Eat Seafood Without Feeling Guilty with WWF Indonesia’s New BlackBerry App
pocketable guide for seafood lovers
Ever thought that the food on your plate could put the environment in danger? Now you can have some peace of mind with your piece of cuttlefish thanks to this new app. Created by the World Wildlife Fund Indonesia, it’s a pocketable guide for seafood lovers to help them pick the best seafood to consume without risking its population - so you can enjoy meals with pleasure, not a guilty pleasure.It’s just like the WWF pocket-size print guide that was made in 2011, but now it’s in digital form as a BlackBerry app called Seafood Guide for BlackBerry. It supports the Indonesian language and is adapted to threats that lurk in local food - just as the WWF did for Hong Kong and other places last year.It’s an obvious choice to pick BlackBerry OS as the Indonesian platform for this campaign. According to Growth for Knowledge (GfK), BlackBerry’s market share was 53.5 percent in June 2012 in Indonesia’s smartphone market. IDC forecast has stated that three million units of BlackBerry will be shipped to the country by 2012 and climb to eight million by 2015. WWF Indonesia predicted that there are 3.5 milion BlackBerry registered users in Indonesia. This is a niche market for the NGO activists. WWF Indonesia wants to use this base as their target for ongoing social marketing and education about environmentally friendly seafood.The Seafood Guide BlackBerry app gives you access to every type of edible sea species. The “Best Choice” label means you can consume it without a doubt as fish stocks are plentiful and sustainable. “Consider” means you might want to ethically think again. “Avoid” means the population of the species had decreased drastically, so it’d be wise to look for other options on the menu. Each category marks with green, yellow, and red to make it visually easy too.

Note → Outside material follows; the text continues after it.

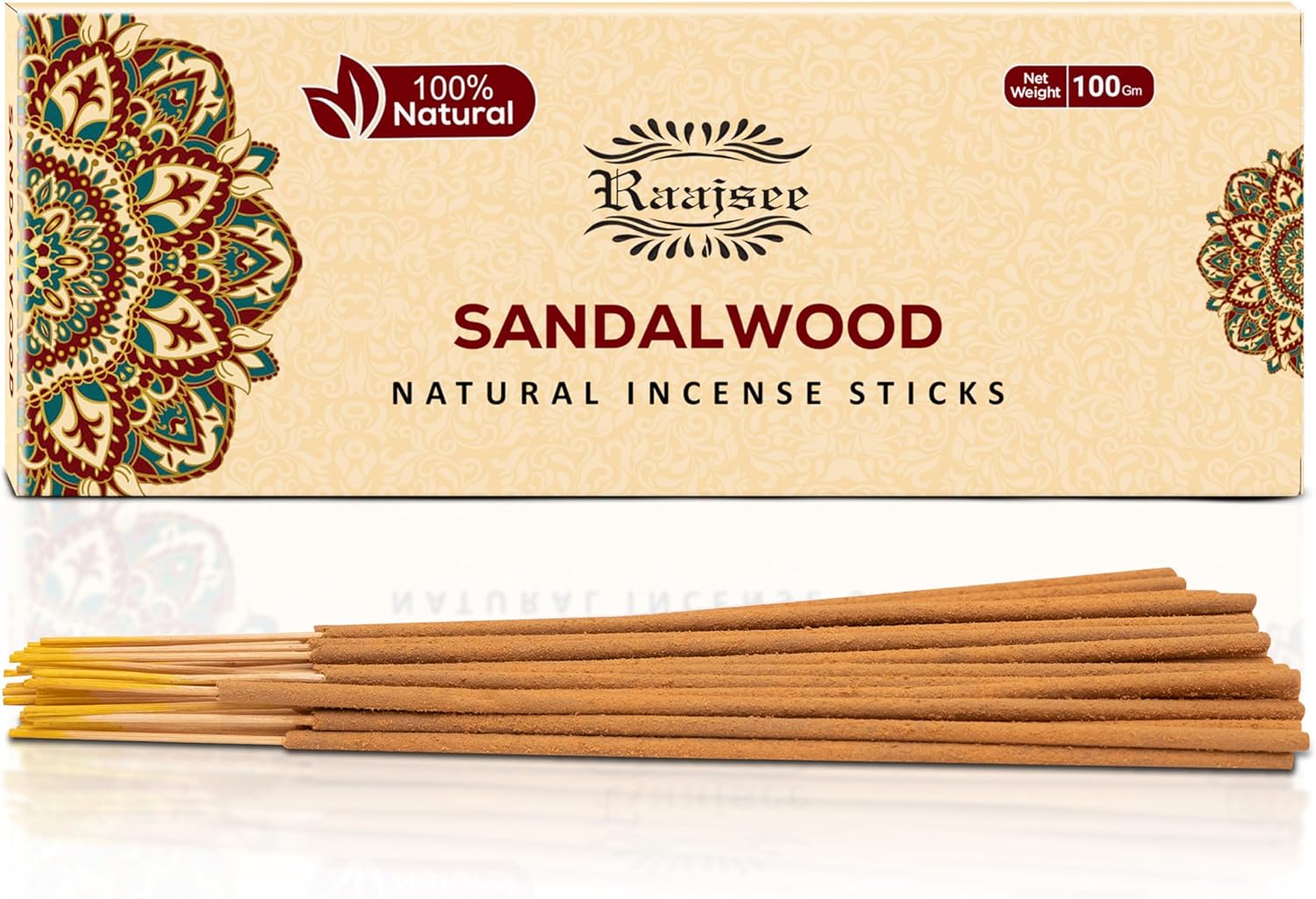 Raajsee Sandalwood Incense Sticks 100 Gm Pack-100% Pure Organic Natural Hand Rolled Free from Chemicals-for Church,Aroma Therapy,Relaxation,Meditation & Sensual Therapy - Glowelle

This app can recommend places too. It finds the nearest restaurant in your location that serves renewable sources of seafood. If you are a culinary explorer, you can submit information about restaurants that provide these kinds of seafood. To make it even more fun, you can use this app as a sort of seafood cookbook and even upload your favourite recipes to share with other users. The marine program director of WWF Indonesia, Wawan Ridwan, said that the Seafood Guide app is about changing consumption patterns. They’re also working on a local Android version of this app. BlackBerry users can download this application directly or by searching for “seafood guide” in BlackBerry App World. This app is for free.